It sounds good in theory. Ridgefield High School’s new open campus policy will allow students with a qualifying GPA and 90 minutes of free time to leave school and go wherever they wish-as long as they return in time for their next class. While the majority of my fellow seniors are rejoicing at this news, especially as the policy finally goes into effect at the beginning of second quarter, I am not. I firmly believe that an open campus policy is not a good idea.
I will begin by acknowledging that although I meet the GPA requirement and have enough free time to take advantage of it, I will not be applying for the program because I have neither a license nor a car. If I did have either of those things, I probably would be applying for the program, simply because it is available.
However, I still don’t entirely understand the point of having an open campus. The first problem I see with it is that Ridgefield High School is located about 15 minutes away from town and from many students’ houses. The travel time alone is prohibitive. In a 90-minute block, a student will typically spend a third of their time driving to and from their destination. This to me seems to dull some of the luster of being able to go “anywhere you want.”
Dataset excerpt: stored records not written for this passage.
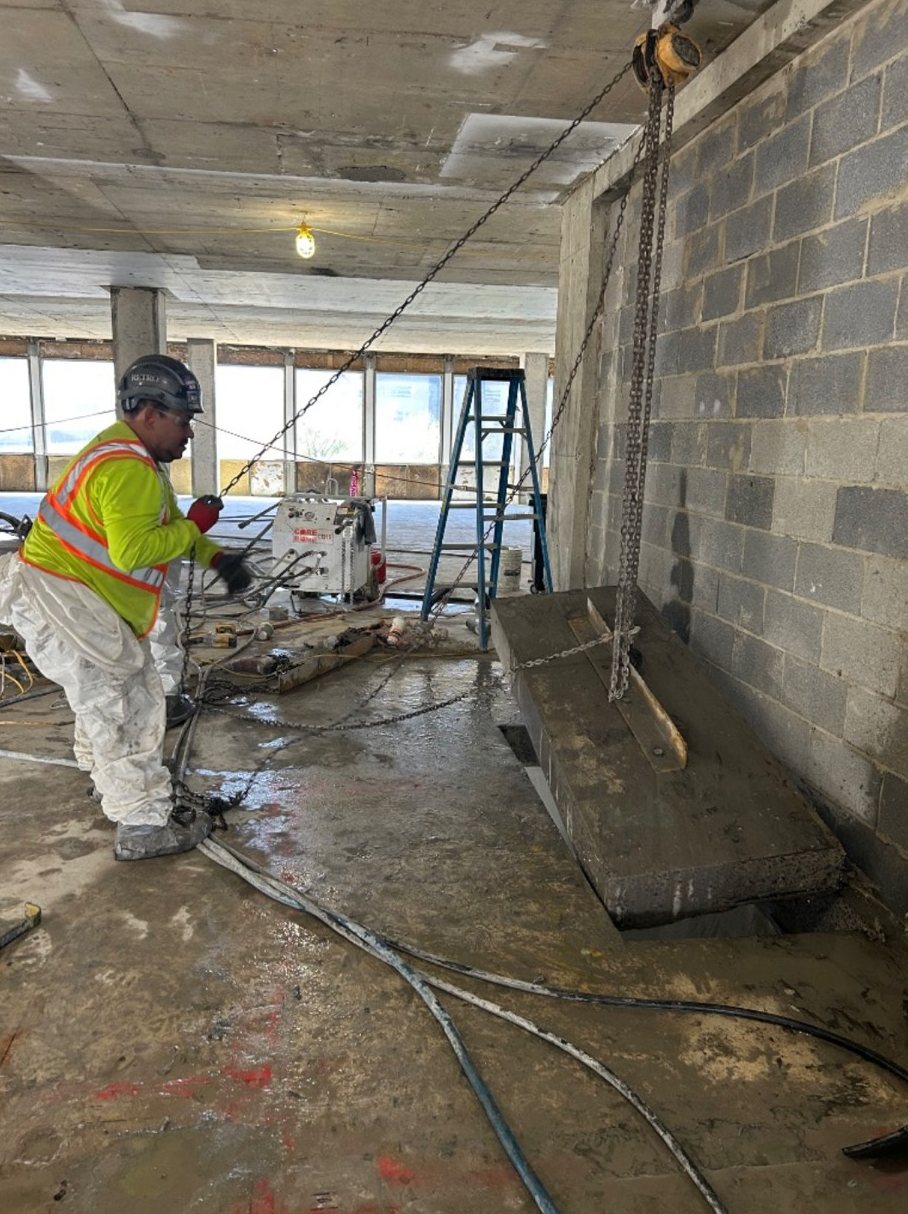 RETRO crew member guiding a saw-cut concrete slab section out of the floor with a chain hoist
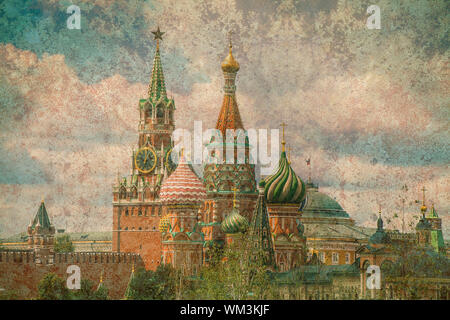 Textured vintage card of Spasskaya Tower and the cupolas of Saint Basil's cathedral in Moscow (toned image with added texture) Stock Photo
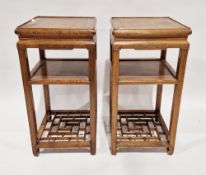 Pair of Chinese Longyanmu (tiger-skin wood) side tables, each of square form with stylised carved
But the biggest reason I think that this policy is not a smart idea is its extreme potential for accidents. Imagine several students, recently licensed, rushing to get back to school and find a parking spot in time. The potential for a collision is great in this scenario, and I don’t understand how open campus is worth this risk. Students argue that they need a place to study in place of the crowded library, but there are plenty of quiet hallways or benches within the school to sit at and get work done. Many also say that they will use open campus as an opportunity to grab lunch in place of the typically unsavory cafeteria food, but I tend to believe that the cost of eating out will soon become too great to maintain this habit.
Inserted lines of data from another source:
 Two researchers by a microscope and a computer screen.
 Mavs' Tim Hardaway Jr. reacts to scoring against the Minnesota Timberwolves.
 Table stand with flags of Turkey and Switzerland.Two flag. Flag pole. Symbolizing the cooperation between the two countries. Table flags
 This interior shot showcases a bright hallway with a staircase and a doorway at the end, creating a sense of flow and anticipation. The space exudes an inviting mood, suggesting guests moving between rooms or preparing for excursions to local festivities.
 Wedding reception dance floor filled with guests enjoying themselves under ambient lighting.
Most of all, I think we need to remember how we survived during the previous three years, when an open campus option was not available. Somehow, we managed to do our homework in the library and relax with our friends in the student center. Now, with less than a year of high school left to go, I think we can live with a closed campus for a few months more. Some argue that open campus promotes more freedom and responsibility. But soon enough, we’ll be in college, with way more freedom than the kind that comes with being able to grab a bagel after class.